(Records provided)
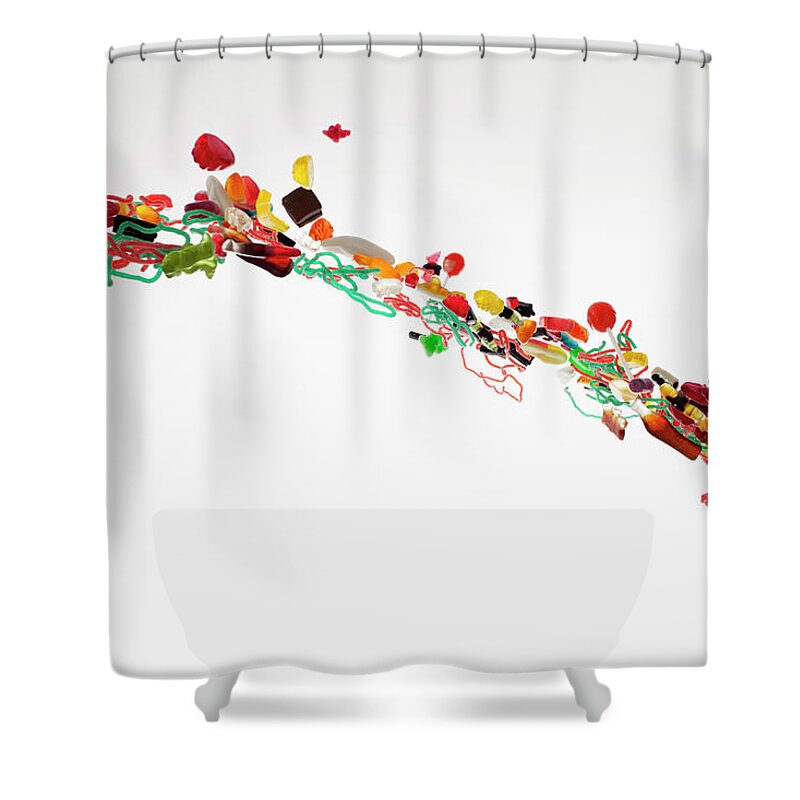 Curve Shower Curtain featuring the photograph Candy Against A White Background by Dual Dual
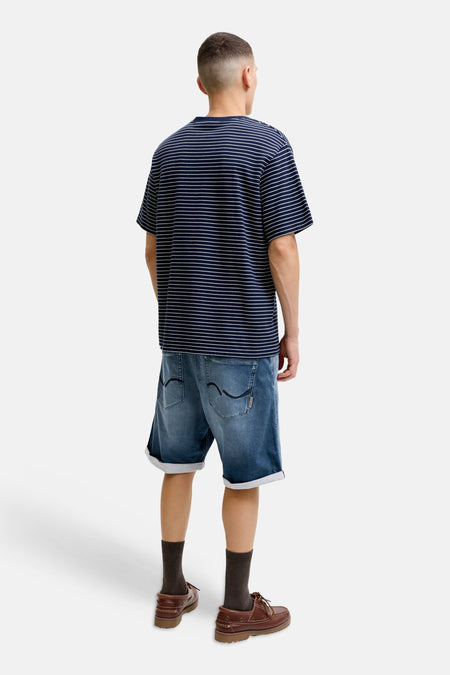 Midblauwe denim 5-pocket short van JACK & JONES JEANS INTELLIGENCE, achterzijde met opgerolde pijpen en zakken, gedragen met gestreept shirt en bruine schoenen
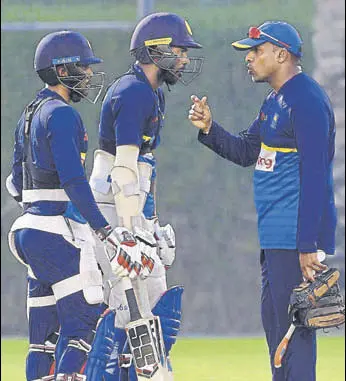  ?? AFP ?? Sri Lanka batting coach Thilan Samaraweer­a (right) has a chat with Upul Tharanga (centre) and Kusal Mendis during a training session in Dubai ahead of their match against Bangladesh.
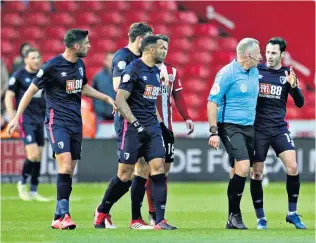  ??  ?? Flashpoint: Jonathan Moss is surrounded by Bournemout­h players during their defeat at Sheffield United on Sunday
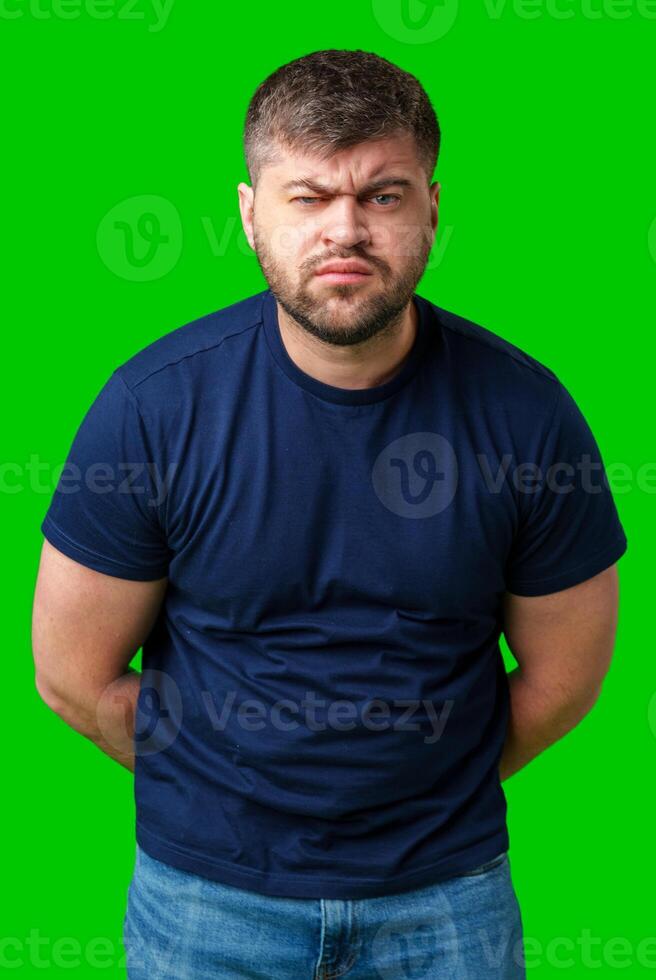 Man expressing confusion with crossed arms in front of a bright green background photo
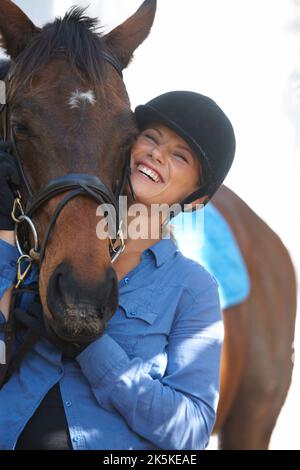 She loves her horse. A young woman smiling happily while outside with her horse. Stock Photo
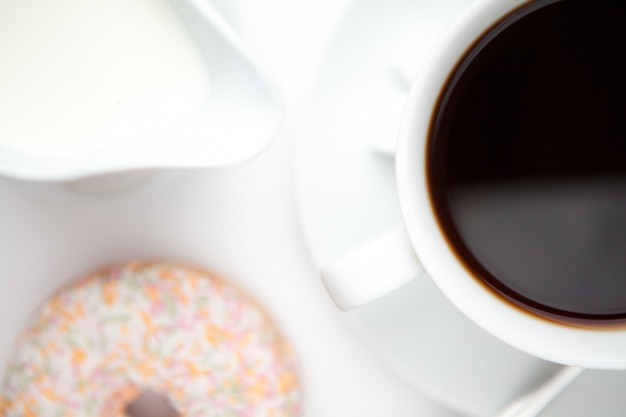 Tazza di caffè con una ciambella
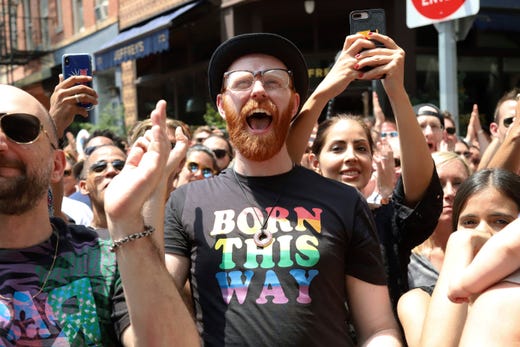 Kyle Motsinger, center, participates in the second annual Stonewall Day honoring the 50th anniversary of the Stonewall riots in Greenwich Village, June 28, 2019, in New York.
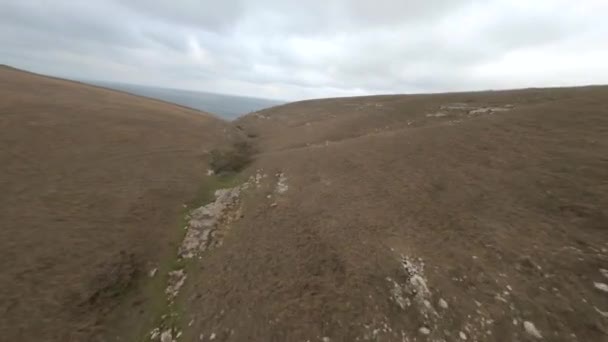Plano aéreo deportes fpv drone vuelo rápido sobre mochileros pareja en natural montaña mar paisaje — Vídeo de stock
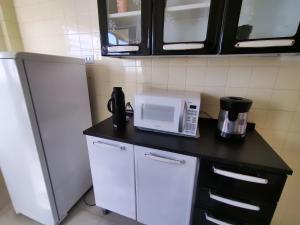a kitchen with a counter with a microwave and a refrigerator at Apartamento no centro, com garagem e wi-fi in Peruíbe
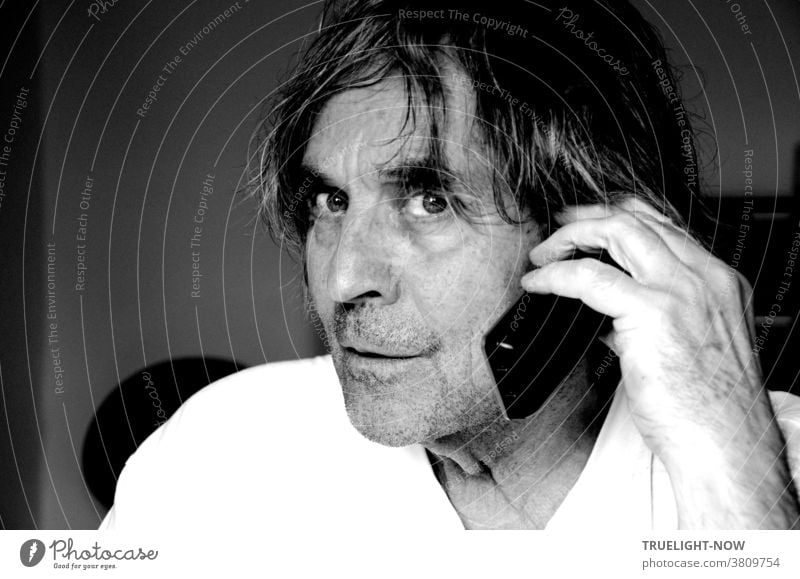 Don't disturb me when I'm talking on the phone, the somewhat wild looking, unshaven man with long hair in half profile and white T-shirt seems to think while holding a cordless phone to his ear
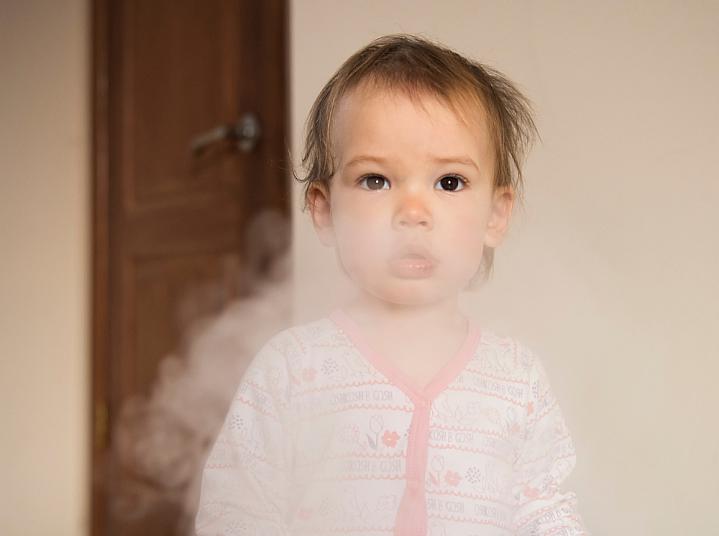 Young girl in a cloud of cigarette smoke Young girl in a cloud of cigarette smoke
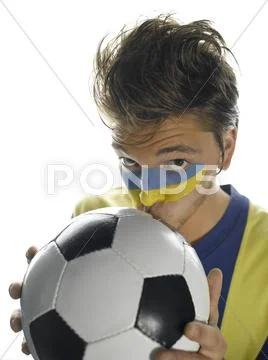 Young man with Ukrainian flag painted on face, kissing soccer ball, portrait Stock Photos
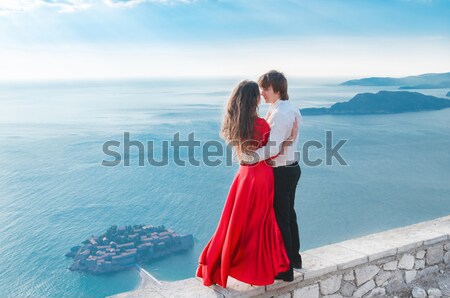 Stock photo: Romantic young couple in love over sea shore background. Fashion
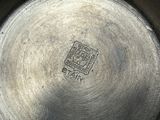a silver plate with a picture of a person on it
--
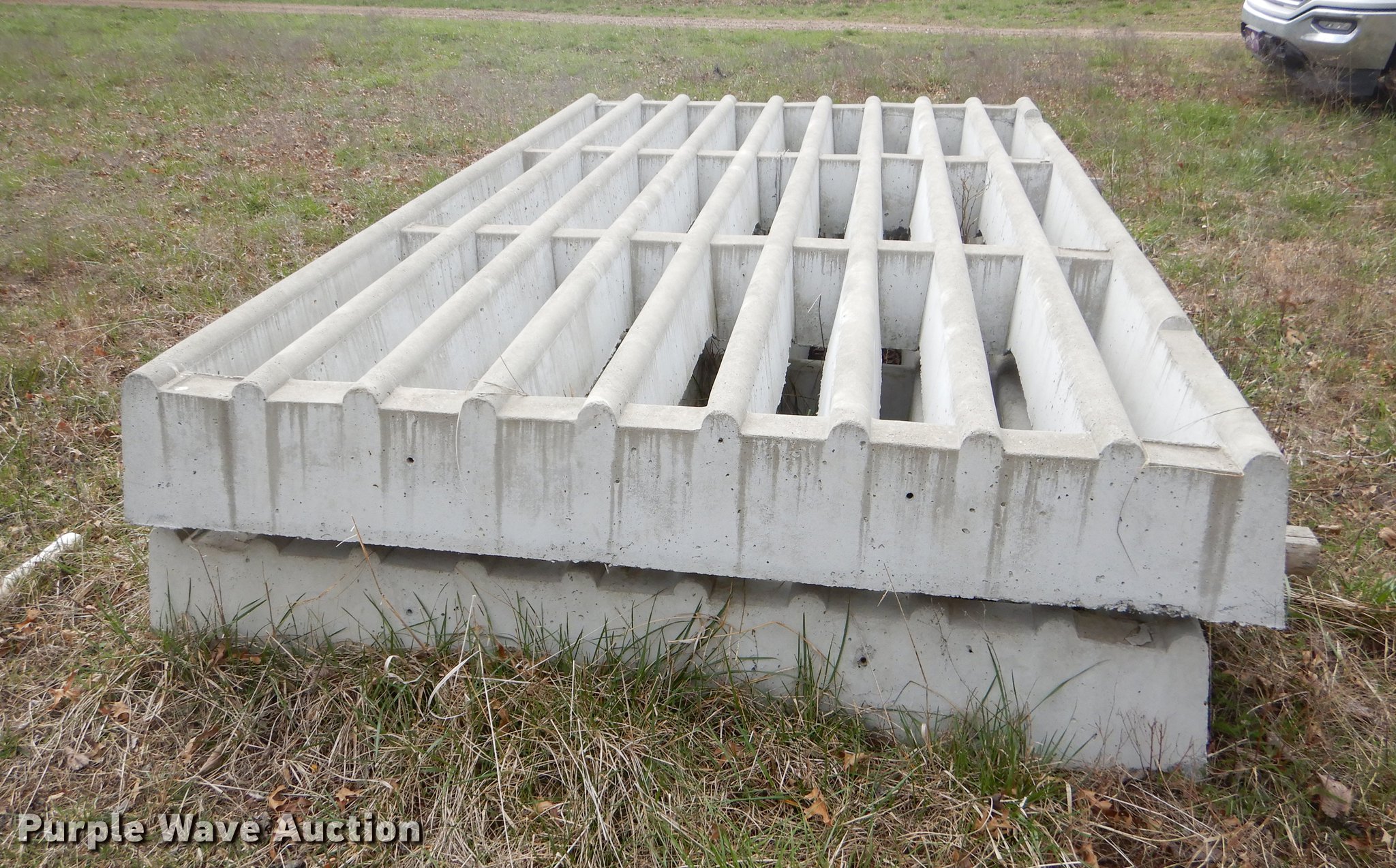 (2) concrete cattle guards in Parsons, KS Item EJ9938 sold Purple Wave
==
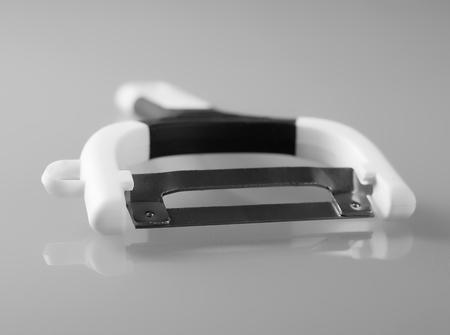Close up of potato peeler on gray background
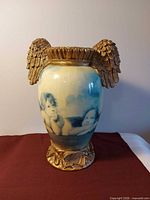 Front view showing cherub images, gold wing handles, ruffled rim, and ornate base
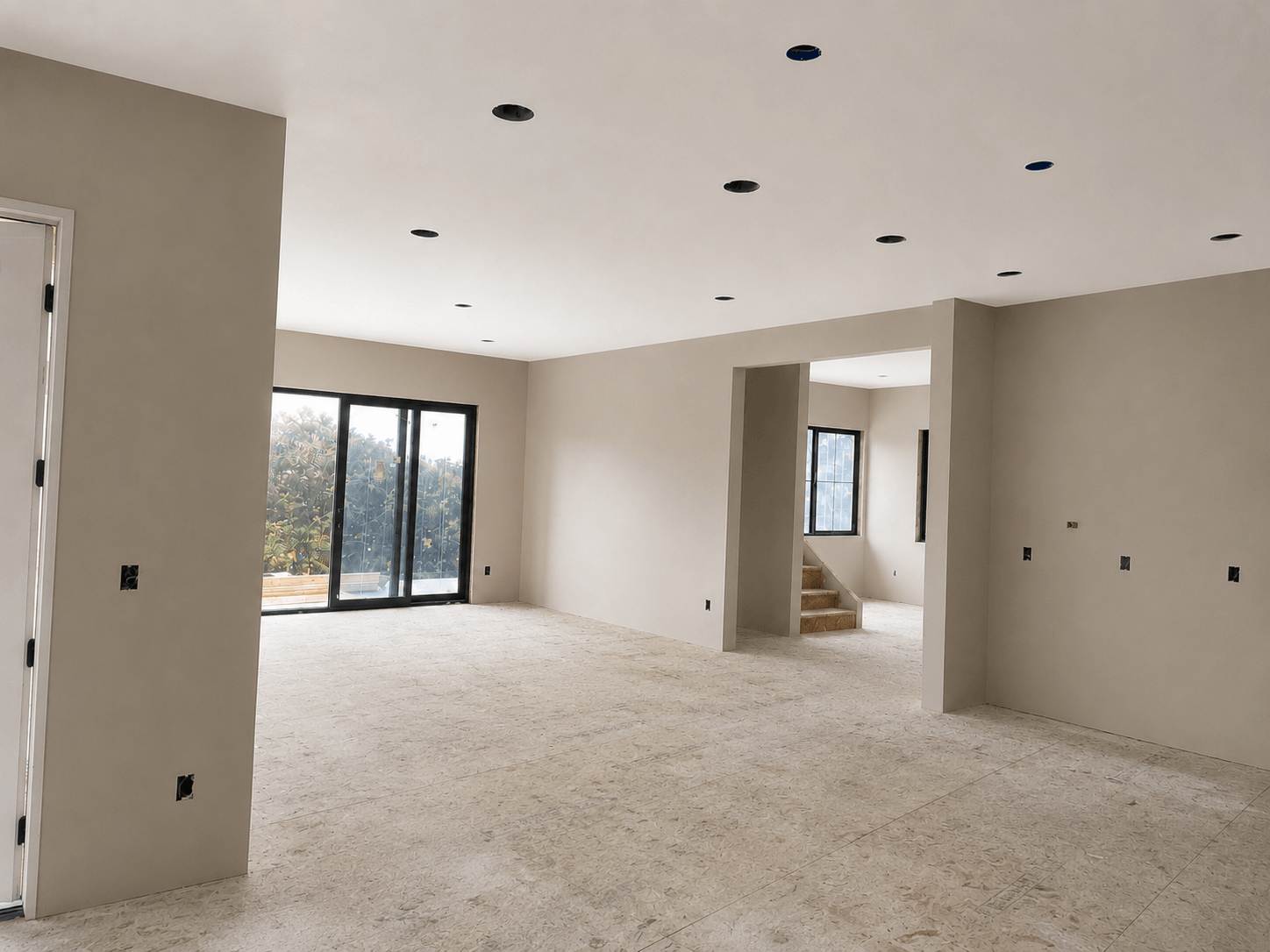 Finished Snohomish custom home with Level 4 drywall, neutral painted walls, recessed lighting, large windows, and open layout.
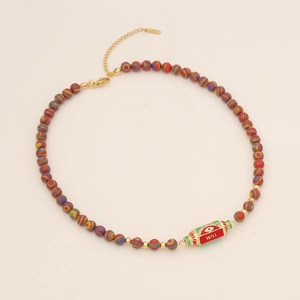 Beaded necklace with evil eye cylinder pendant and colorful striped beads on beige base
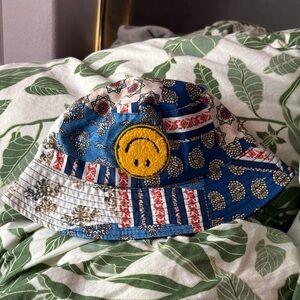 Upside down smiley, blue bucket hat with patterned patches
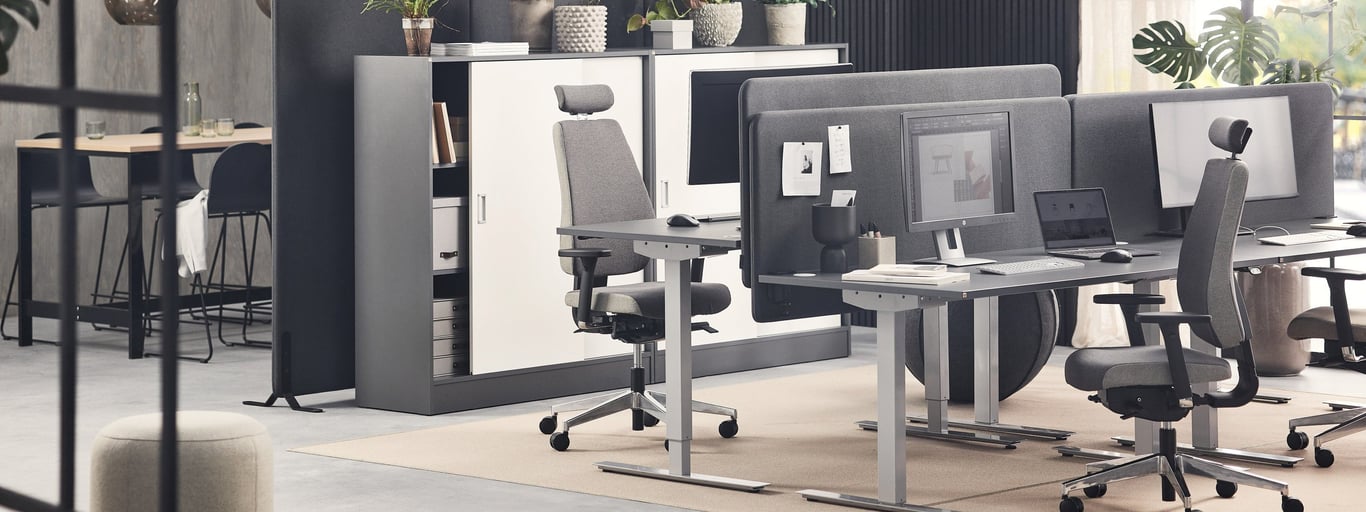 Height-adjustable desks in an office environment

(To do) Look above for the line containing "Young man with" and the line containing "a silver plate", then reproduce both and everything between them exactly, pictures omitted.

(Written response)
 Young man with Ukrainian flag painted on face, kissing soccer ball, portrait Stock Photos
 Stock photo: Romantic young couple in love over sea shore background. Fashion
a silver plate with a picture of a person on it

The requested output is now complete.